Üniversite yıllarında fotoğraf çekmeye başlar Mustafa Koç. Sonraki yıllarda da hobi olarak sürdürür. Dijital teknolojiyle tanışınca, fotoğrafa duyduğu ilgi artar, gelişir. 2006’da eşi Caroline Koç’un ısrarlarıyla ilk kez Afrika’ya gider. Yanlarında vahşi yaşam fotoğrafçısı Süha Derbent de vardır. Gördükleri karşısında büyülenir adeta. Göz alabildiğine uzayan, çayırlar, ovalar ve vahşi hayvanlar... O büyünün fotoğraflarını çekmeye koyulur. Doğru zamanda doğru yerde olmak gerekmektedir. Doğayla bütünleşebilmek... Fotoğrafik olana karar vermek... Işığı ve mizanseni özellikle arka planı iyi ayarlamak... Sonra sabırla çekeceği vahşi hayvanın uygun pozisyona gelmesini beklemek... Üslubunu netleştirmek, çektiği fotoğrafa aktarmak... Bütün o süreci doğru yönetecek liderlik vasıflarına sahip olmak. Bir nevi iş hayatındaki donanımını kullanması gerekmiştir ki bunda da zorlanmaz. Sanat özgürlüktür ya bir anlamda, o da kendini özgür hisseder o coğrafyada, elinde makinesiyle.
Üç bin fotoğraf arasından seçtiği 204 fotoğrafı içeren kitabı, sahibinin mütevazılığına karşı çıkıyordu oysa. Koç’un vahşi doğaya vizöründen bakan gözleri, nefes kesen an’ları hikâyeleriyle birlikte belgeliyordu. Ağacın kollarına sarılmış kaplanın huzuru gözlerine vuruyordu misal. Bütün asaletiyle bir başka ağacın dalında ihtişamını bütün zarafetiyle sergileyen leopara hayran kalmak işten değildi. Gözleri konuşuyormuş gibi bakan bir Afrika aslanıyla fotoğrafçının bakışları buluştuğunda duyduğu heyecan da yansıyordu kareye. Kırmızı gagalı yalıçapkını, kanatları maviler içinde, birini bekler gibiydi; çok da vakit geçmişti sanki gelir miydi? Nehirden su içen bir zebra sürüsü, resmedilmişçesine çekilmiş bir fotoğraftı, tüm renkleri paletten çıkma... Düşünen adam heykeli gibi oturmuş bir Savan babunu, Rodin’in felsefi düşünceye yaptığı göndermeyi vahşi doğada sahneliyordu adeta. Otların arasındaki bir mavi maymunun gözlerindeki insansı kedere de, bu anın yakalanıp deklanşöre tam zamanında basılmasına da hayret etmemek mümkün değildi.
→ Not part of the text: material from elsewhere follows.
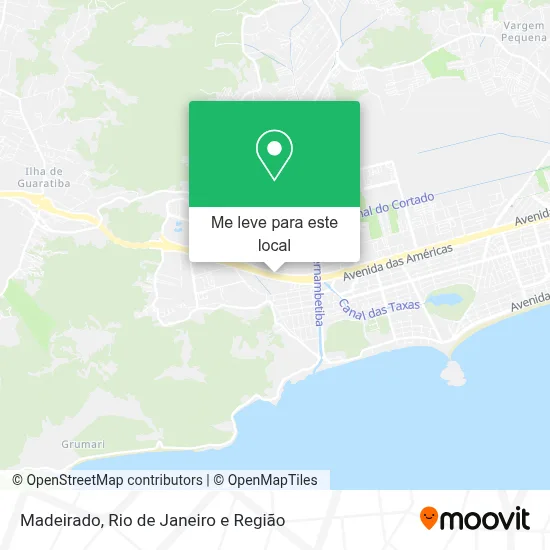 Madeirado mapa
Yavrusuyla yan yana yürüyen devasa bir Afrika fili, durgun suda dans eden flamingolar, masmavi dupduru bir gökte akrobasi yapan sarı gagalı leylek, arkasını dönmüş, başını hafiften yana çevirmiş altın dokumacı kuşu, çalılar arasında, doğadan özenle bulunmuş bir sarı fon gerisinde... Bütün bu fotoğraf kareleri vahşi doğanın muhteşemliğinde, onun bir parçası olmanın, yaşama hakkının hikâyesini anlatıyordu aslında.
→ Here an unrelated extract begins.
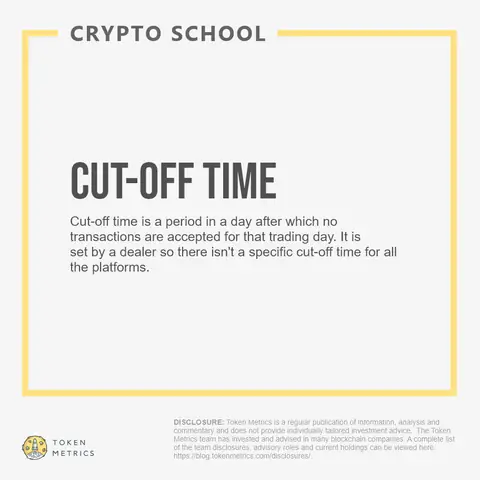 Cut Off Time Là Gì? Giải Mã Thuật Ngữ Và Ý Nghĩa Trong Logistics, Tài Chính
Biz yeni sergiler, yeni kitaplar bekliyorduk, olmadı. Diyeceğim şu ki, kaybettiğimiz, bugün uğurlayacağımız, sanata verdiği büyük destek bir yana aynı zamanda başarılı bir fotoğraf sanatçısıydı. Doğru, ölüm ‘Yaşamın Ta Kendisi’ ama neyse ki ‘Karşılaşmalar’ var, insanın acısını hafifleten... Dilerim önümüzdeki yıllarda Mustafa Koç’un, sergisini bekleyen fotoğraflarıyla da karşılaşırız.